人によっては、「右翼だ!左翼だ!」と言ったり、「親日だ!反日だ!」という感じで判断する場合もありますが、それよりも、もう少し細かい反応について話したいと思います。

よく話を聞いていると、ある人は感情を優先しながら、自身の意見を広げていくように話をします。例えば、「二人とも、今まで一生懸命やってきたんだから、何とかこれからも仲良くやっていけたら...」とか、「この件については、あっちも悪いけれどこっちも悪いから、いろいろ反省しないと…」などです。

また、「お前が言うな」みたいに、笑いを誘うようなものもありますが、終始、人々の同情を組み込んだような話の内容になっています。

一方で、物事の問題点を指摘して、他の国や違う時代と比較しながら、それに一定の解答を与えるようなコメンテーターもいます。

ある意味暴論かもしれませんが、この2人の違いは、教育から来るのではと考えられます。

日本の国語の授業は、どちらかというと、著者や登場人物の気持ちや心理状態を問う問題が多い感じです。
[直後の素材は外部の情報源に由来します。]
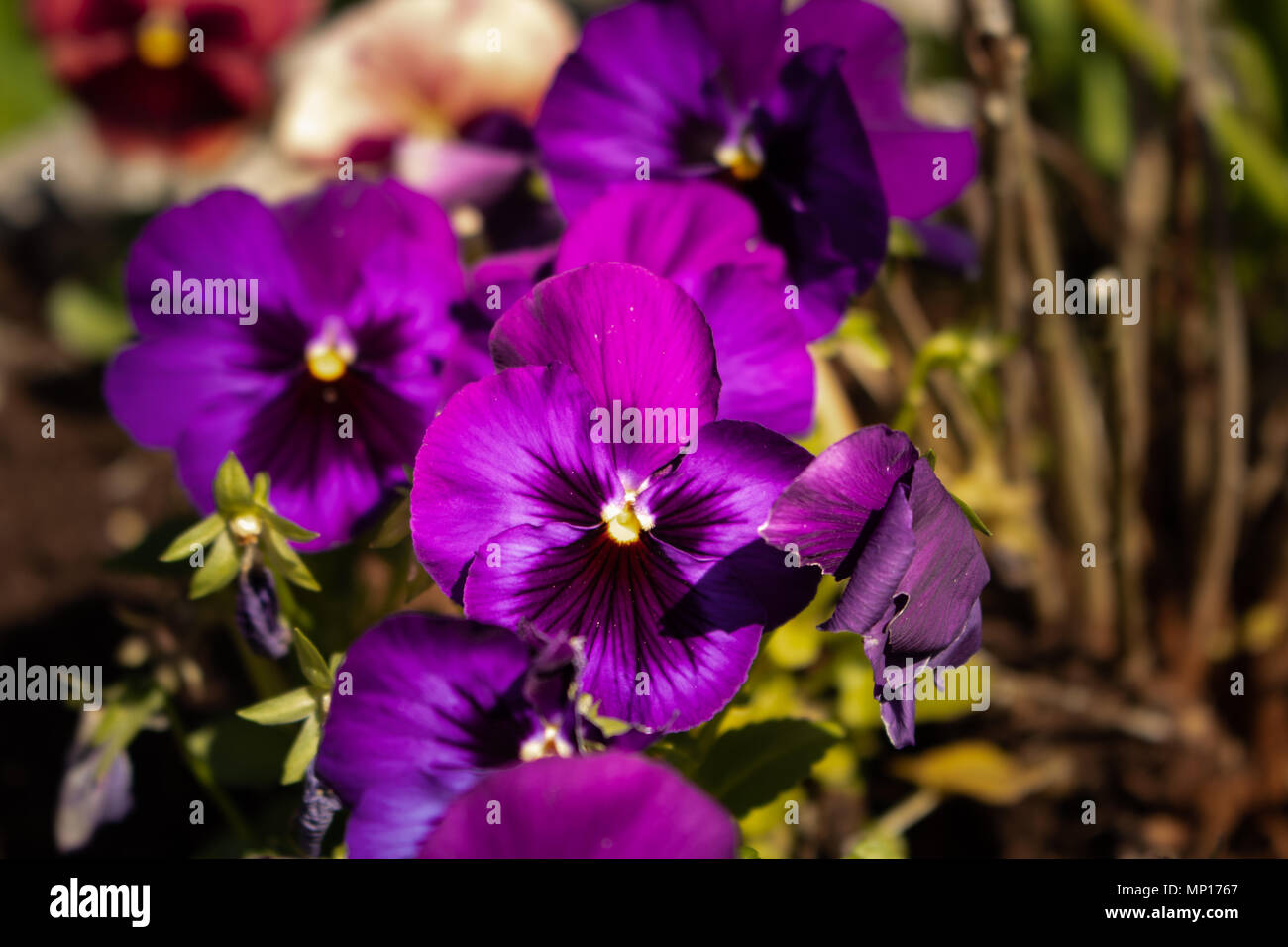 Vibrant purple or mauve pansies Stock Photo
他にも、何文字以内に状況をまとめるようなものもあります。

つまり、いかに人々の感情を読み取り、うまくまとめるか、という訓練が行われてきていて、前者のコメンテーターがこれに当たります。

一方で、アメリカの国語(英語の授業になりますが)では、いかに論理的に自身の考えを伝えるか、だとか、いかに、相手を説得するために、仮説と証拠を用意して、結論付けられるか、という訓練が行われています。

一般的な日本人の会話の多くが、感情を考慮しながら、まとめることで、混乱を防ぐような議論をしがちだということです。

一方で、欧米などで教育受けたり、科学系を専攻していたり、積極的に本を読んで勉強をしている人は、問題を把握し、それに対する分析や証拠の列挙と、取り得る解決策を言うことができます。

私の持論でもありますが、日本では、科学的な教育がしっかり定義されていないというのが現状です。

中には「いや、日本人のPISAにおける数学や科学の成績は世界的に見てよいではないか!」という人もいますが、そのテストは、知識のテスト(考え方もありますが)であって、科学的な考え方を、教育界が訓練して育んできた結果ではありません。

つまり、科学的な思考法というのは、国語であったり、いわゆる、文系と言われるものにも重要な役割を果たしています。そもそも、理系・文系と分けるのに教育的には意味がないということなのです。

教育が人を作ります。また、人が国や世界を作るのですから、正しい教育がいかに大切かがわかると思います。